To apply quantization, we need to create a configuration that fully expresses how the model should be quantized. This configuration is then passed into conversion, generating a quantized model.
quant_recipes.py
contains a list of recipes that are known to be well-supported during runtime. For the average user, this is a good starting point to select the quantization scheme that is best suited for your deployment needs. After identifying the target recipe, the model can be quantized as follows. This example is extracted from generative/examples/quantize/example.py
.
quant_config = quant_recipes.full_int8_dynamic_recipe()
edge_model = ai_edge_torch.convert(
model, (tokens, input_pos), quant_config=quant_config
)
Once converted, you will get a quantized .tflite
model which will be ready for on-device deployment.

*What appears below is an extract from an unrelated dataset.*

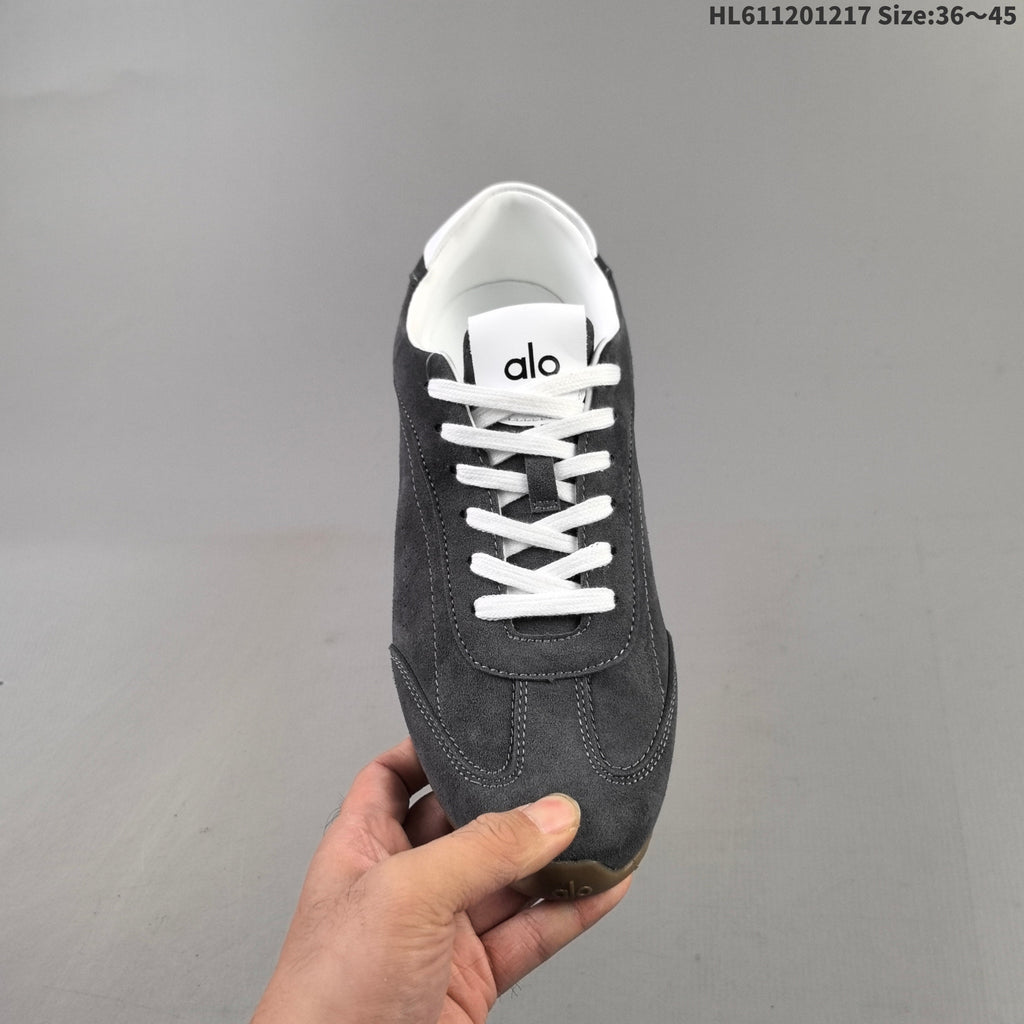 Charcoal Alo Yoga Sunset Low-Top Suede Sneakers - product image from the listing.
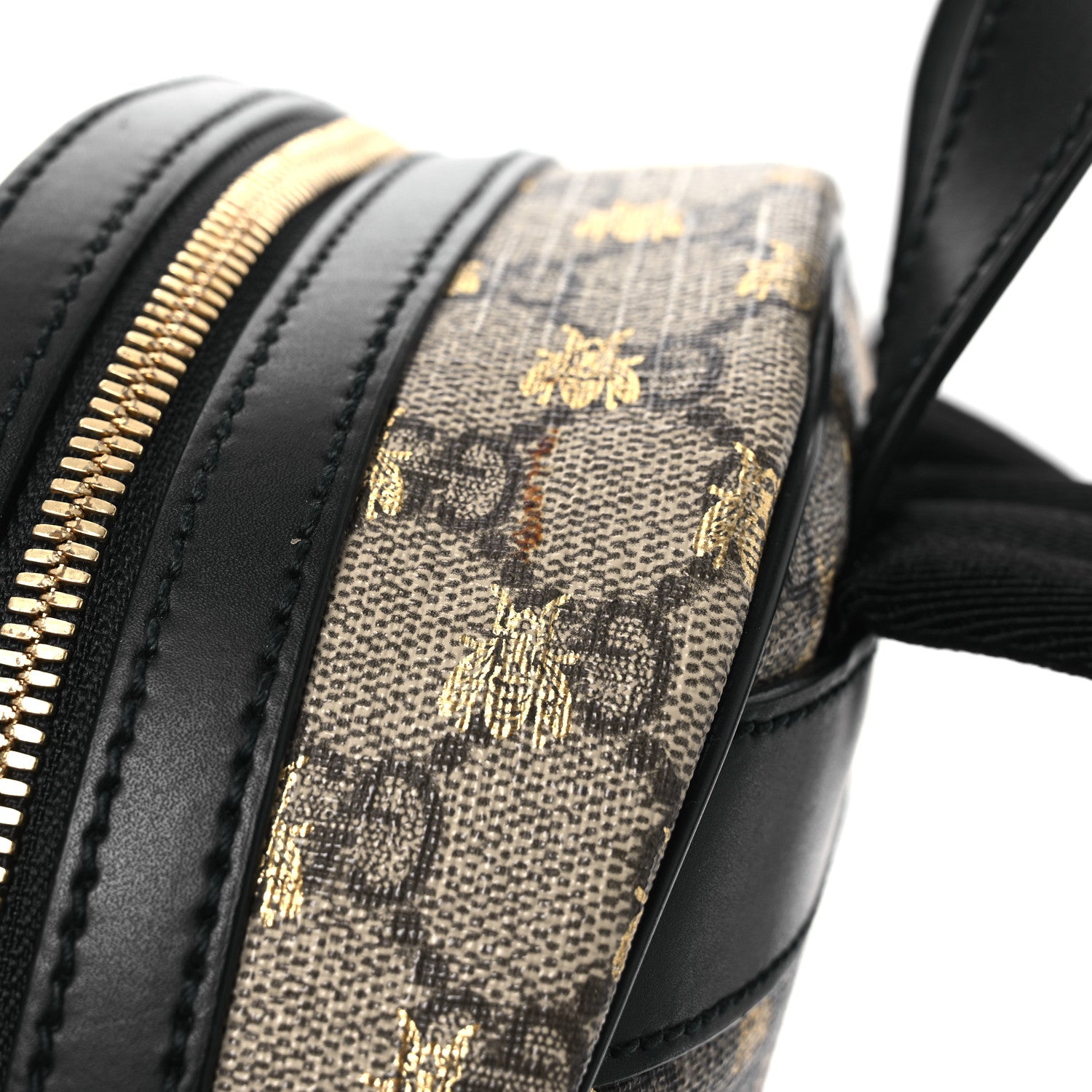 Gucci GG Supreme Monogram Bees Print Small Day Backpack Beige Oro Black 11 of 13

In the current release, the following schemes are supported:
- Dynamic range quantization: FP32 activations, INT8 weights, and integer computation
- Weight-only quantization: FP32 activations, INT8 weights, and floating point computation
- FP16 quantization: FP16 weights, FP32 activations and floating point computation for all ops
These correspond to the available recipes in quant_recipes.py
.
In addition to configuring quantization using pre-configured recipes in quant_recipes.py
, users can also customize their recipes according to their specific needs using the LayerQuantRecipe
and GenerativeQuantRecipe
API.
LayerQuantRecipe
specifies at a Generative API layer (ai_edge_torch/generative/layers
) level how ops within should be quantized. GenerativeQuantRecipe
specifies at a model level how each component of a Generative API model should be quantized. With these configuration classes, selective quantization can be configured as follows:
def custom_selective_quantization_recipe() -> quant_config.QuantConfig:
return quant_config.QuantConfig(
generative_recipe=quant_recipe.GenerativeQuantRecipe(
default=create_layer_quant_fp16(),
embedding=create_layer_quant_int8_dynamic(),
attention=create_layer_quant_int8_weight_only(),
feedforward=create_layer_quant_int8_dynamic(),
)
)
For example, this recipe specifies that the embedding table, attention, and feedforward layers should be quantized to INT8. Specifically, for attention layers the computation should be in FP32. All other ops should be quantized to the default scheme which is specified as FP16.